■ **Exercise brief**: Reproduce the listing below character for character; drop every image.

■ **Available data**:

□ □ □ □ □ □ □

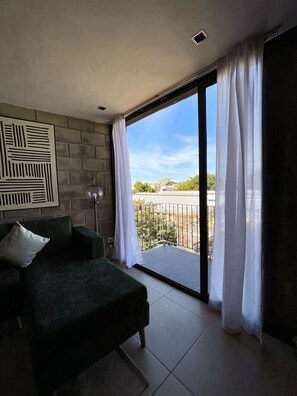 Interior - Stylish urban loft with access to gym and work rooms. (Guadalajara)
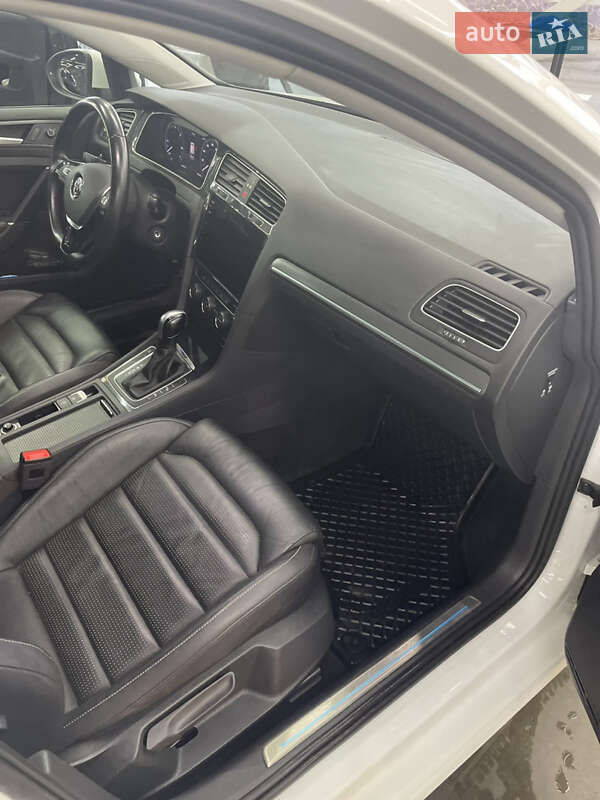 Хэтчбек Volkswagen e-Golf 2019 в Луцке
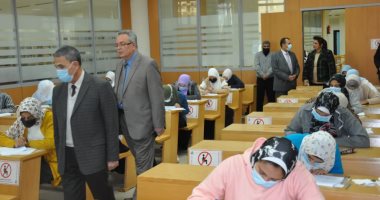 نواب رئيس جامعة كفر الشيخ يتفقدون لجان امتحانات الفصل الدراسى الأول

□ □ □ □ □ □ □

■ **Exercise output**:
 Interior - Stylish urban loft with access to gym and work rooms. (Guadalajara)
 Хэтчбек Volkswagen e-Golf 2019 в Луцке
 نواب رئيس جامعة كفر الشيخ يتفقدون لجان امتحانات الفصل الدراسى الأول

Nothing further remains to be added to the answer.